Le rôle d’OFI sera d’aider ces ONG à devenir le plus indépendantes possible, à les assister dans l’enregistrement auprès des gouvernements local et national pour obtenir des subventions…
Toute donation quel qu’en soit le montant, est toujours bienvenue ! Il est possible de faire un don en euros sur le site d’OFI avec déduction fiscale ou en roupies sur le compte de la Fondation Dominique Lapierre à Delhi (demander les références bancaires ici).
L’Asha Bhavan Centre, le handicap n'est pas une incapacité
L’Asha Bhavan Centre a été fondé il y a 40 ans par Sukeshi Barui, la mère du directeur actuel, avec le soutien financier de la Fondation Dominique Lapierre.
L’ONG s’occupe de personnes handicapées quel que soit le handicap et est reconnue par le gouvernement du Bengale occidental et par le gouvernement national. Aujourd’hui, 50 % des besoins sont financés par des subventions gouvernementales, le reste provient de dons. 300 personnes travaillent dans les différents locaux de l’Asha Bhavan Centre au Bengale occidental.
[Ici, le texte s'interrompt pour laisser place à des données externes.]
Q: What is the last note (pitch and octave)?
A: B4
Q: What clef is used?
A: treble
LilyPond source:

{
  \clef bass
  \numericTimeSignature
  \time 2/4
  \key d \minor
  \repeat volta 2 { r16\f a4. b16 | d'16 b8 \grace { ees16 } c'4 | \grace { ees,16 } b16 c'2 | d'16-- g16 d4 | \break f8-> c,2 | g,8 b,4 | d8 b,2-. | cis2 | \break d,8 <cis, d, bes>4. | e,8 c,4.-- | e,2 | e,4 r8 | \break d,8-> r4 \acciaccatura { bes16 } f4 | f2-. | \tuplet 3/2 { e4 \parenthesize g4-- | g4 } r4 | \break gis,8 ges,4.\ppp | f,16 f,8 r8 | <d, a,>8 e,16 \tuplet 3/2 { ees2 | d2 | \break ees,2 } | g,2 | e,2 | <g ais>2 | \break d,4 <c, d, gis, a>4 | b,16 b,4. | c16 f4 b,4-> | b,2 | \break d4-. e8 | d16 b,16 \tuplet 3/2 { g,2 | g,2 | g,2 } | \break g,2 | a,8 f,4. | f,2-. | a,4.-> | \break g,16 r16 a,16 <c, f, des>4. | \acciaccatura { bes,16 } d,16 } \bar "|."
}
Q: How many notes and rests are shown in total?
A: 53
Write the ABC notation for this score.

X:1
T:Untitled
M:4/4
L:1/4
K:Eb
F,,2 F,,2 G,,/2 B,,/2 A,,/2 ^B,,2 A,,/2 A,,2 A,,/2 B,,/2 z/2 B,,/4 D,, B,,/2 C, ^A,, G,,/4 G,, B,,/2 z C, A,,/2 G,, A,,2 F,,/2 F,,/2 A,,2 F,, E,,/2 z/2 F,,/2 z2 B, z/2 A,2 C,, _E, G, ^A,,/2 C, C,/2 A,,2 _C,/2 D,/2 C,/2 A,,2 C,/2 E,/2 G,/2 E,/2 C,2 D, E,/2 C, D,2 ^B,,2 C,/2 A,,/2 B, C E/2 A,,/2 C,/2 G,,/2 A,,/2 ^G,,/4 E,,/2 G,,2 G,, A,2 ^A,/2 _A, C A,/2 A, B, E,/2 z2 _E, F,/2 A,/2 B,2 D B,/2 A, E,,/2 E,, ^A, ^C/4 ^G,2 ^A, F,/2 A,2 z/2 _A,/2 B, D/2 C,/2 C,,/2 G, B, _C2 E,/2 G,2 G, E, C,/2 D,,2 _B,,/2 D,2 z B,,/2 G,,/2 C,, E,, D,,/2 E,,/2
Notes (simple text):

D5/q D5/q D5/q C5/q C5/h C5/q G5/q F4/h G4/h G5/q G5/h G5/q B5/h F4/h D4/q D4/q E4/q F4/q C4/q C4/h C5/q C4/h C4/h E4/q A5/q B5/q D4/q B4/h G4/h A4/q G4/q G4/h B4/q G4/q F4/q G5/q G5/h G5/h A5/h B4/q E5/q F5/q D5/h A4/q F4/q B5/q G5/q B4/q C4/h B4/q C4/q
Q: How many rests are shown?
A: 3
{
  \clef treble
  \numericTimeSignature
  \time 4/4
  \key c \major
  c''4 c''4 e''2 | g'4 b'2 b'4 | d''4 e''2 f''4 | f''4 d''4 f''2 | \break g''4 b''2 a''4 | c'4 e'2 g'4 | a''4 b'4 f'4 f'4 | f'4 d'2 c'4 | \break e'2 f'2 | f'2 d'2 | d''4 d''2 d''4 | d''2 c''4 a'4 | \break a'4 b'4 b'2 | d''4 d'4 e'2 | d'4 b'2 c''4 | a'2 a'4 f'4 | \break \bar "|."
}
L’ONG dispose de deux centres dans la ville de Howrah où se trouve son siège qui sont des maisons d’accueil pour les enfants handicapés orphelins ou dont la famille ne peut pas s’occuper. Actuellement, 200 enfants y vivent.
Asha Bhavan Centre gère aussi des centres de jour dans des villages isolés du Bengale occidental qui accueillent les enfants handicapés des alentours pour des séances de rééducation, des activités manuelles mais aussi des formations des parents à la prise en charge du handicap de l’enfant. Ce sont plus de 7 000 enfants qui sont accompagnés par ces centres. Dans des zones rurales isolées, onze écoles accueillent environ 3 000 enfants dans des bâtiments modernes, une exception dans ces villages. L’Asha Bhavan Centre gère aussi des dispensaires qui sont bien équipés, certains ont même des spécialistes capables de fixer une prothèse pour les personnes amputées.
Tous les centres de l’ONG sont gérés par des personnes locales qui ont été formées et sont employées par l’ONG.
Avec émotion, le directeur du centre, Johnmary Barui qui connait les époux Lapierre depuis qu’il est enfant, a évoqué leur dernière visite en décembre 2011 lorsqu’ils ont inauguré le centre pour enfants handicapés de Kathila à Howrah.
Il est possible de soutenir l’Asha Bhavan Centre via un don de particulier, un sponsoring par une entreprise ou en s’y investissant comme bénévole. Actuellement, 4 jeunes Français y effectuent leur service civique.